Above, the company’s cofounders in Yerevan, Armenia, where they have a second office. Pictured, from left to right: VP of engineering Vazgen Hakobjanyan, chief architect Hovhannes Nurijanyan, CEO Laura Bilazarian, VP of product Meruzhan Danielyan.
Teamable wants to know your social network. Well, its software does. The reason: it might find someone suited to fill an opening at your company who — no offense to your intelligence — might not necessarily spring to mind.
How does it work? By churning through your contact lists (think Gmail, Facebook, GitHub, any other sources of contacts that employees are willing to share), it finds connections via machine learning. Maybe you know more engineers than you’d realized, for example. Or, when it comes to an effort to hire more diverse candidates, maybe you have more friends or acquaintances from underrepresented groups than you know.
The point, says CEO and cofounder Laura Bilazarian, is that “referrals are a great source for new hires. They outperform most other sources, but until now, it’s been a memory-based process. Maybe you’d come up with one or two names.” Meanwhile, an explosion in both social connections, AI, and machine learning is enabling the company to tap into what it says are the 1,000-plus connections that tech employees tend to have on average across their various online networks.
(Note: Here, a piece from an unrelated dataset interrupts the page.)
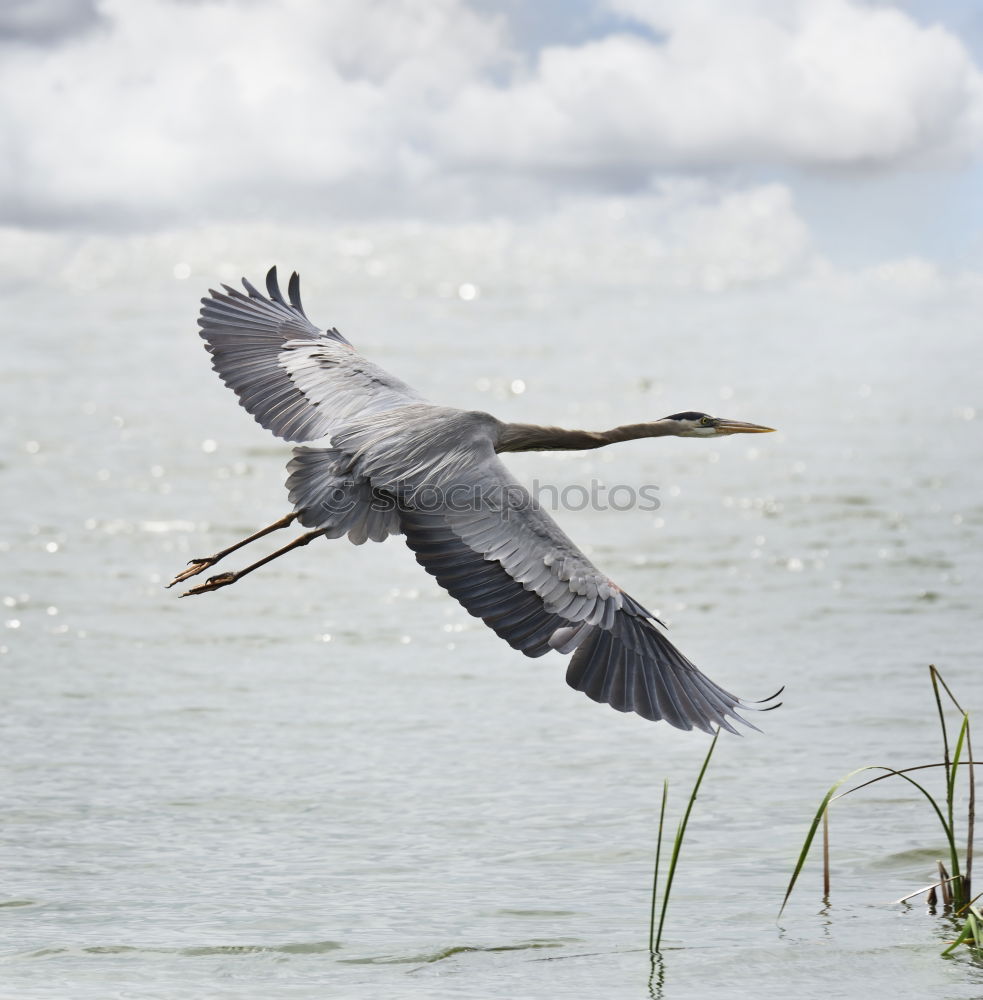 Similar – Image, Stock Photo Heron, Scottish, the second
If it sounds like a potential privacy headache for employees, we get it. But Bilazarian says employees need only provide the platform with their contacts’ first and last names. Teamable does the search work after that, scouring for skill sets, experience, location and more. Also important to note: when it comes up with a match, the employee is asked to make a warm introduction only if he or she agrees with Teamable’s suggestions. “We’re not spamming anyone,” Bilazarian says. “All messaging goes back through [the employee].”
Certainly, companies seem to like Teamable’s calculations. Bilazarian says that more than 90 businesses are already subscribers to its SaaS business, including the payments company Stripe and the ride-share outfit Lyft.
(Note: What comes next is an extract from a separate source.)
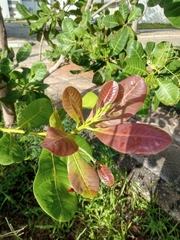 Anacardium occidentale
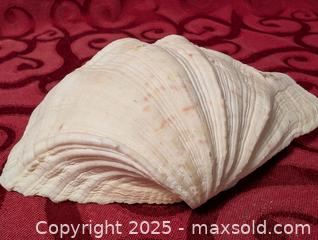 MaxSold Auction: large Seashell Decor or use as a Dish or ashtray - Inverary (Ontario, Canada) SELLER MANAGED Moving Online Auction - Battersea Road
In fact, according to Bilazarian — a Wharton grad who worked in finance previously — the 38-person, three-year-old company turned profitable late last year.
That “atypical” amount of traction for a young startup convinced True Ventures to back it, says partner Tony Conrad. True just led Teamable’s $5 million Series A round, with participation from SaaStr Fund.
Yet True is even more excited about the company because of that focus on employee referrals, which are the fastest, cheapest, and most effective way for companies to hire.
According to a study by JobVite, it takes 29 days on average to hire a referred candidate, compared with 39 days to hire someone through a job posting and 55 days to hire through a career site. And companies that use employee referral programs have average retention rates of 46 percent, compared to the 33 percent retention rates of organizations that only use career sites.
“Companies want their employees to recommend open positions to their friends, but it’s awkward to push employees to become recruiters,” notes Conrad. Teamable “takes away that friction by scouring employees social networks automatically and making it a one click, ‘Hey, this friend of yours looks like a potential fit, want to send them a note?'”
So far, Teamable has largely focused on engineering hires and on the tech sector more broadly — a product of the company being based in San Francisco, says Bilazarian. (The company also has a second office in Yerevan, Armenia.)
Despite competing in an increasingly crowded market for recruiting software, it sees opportunities to expand quickly. Says Bilazarian, “We’ve worked with hedge funds, investment banks, and healthcare and cancer research companies. What we’re doing works in any industry.”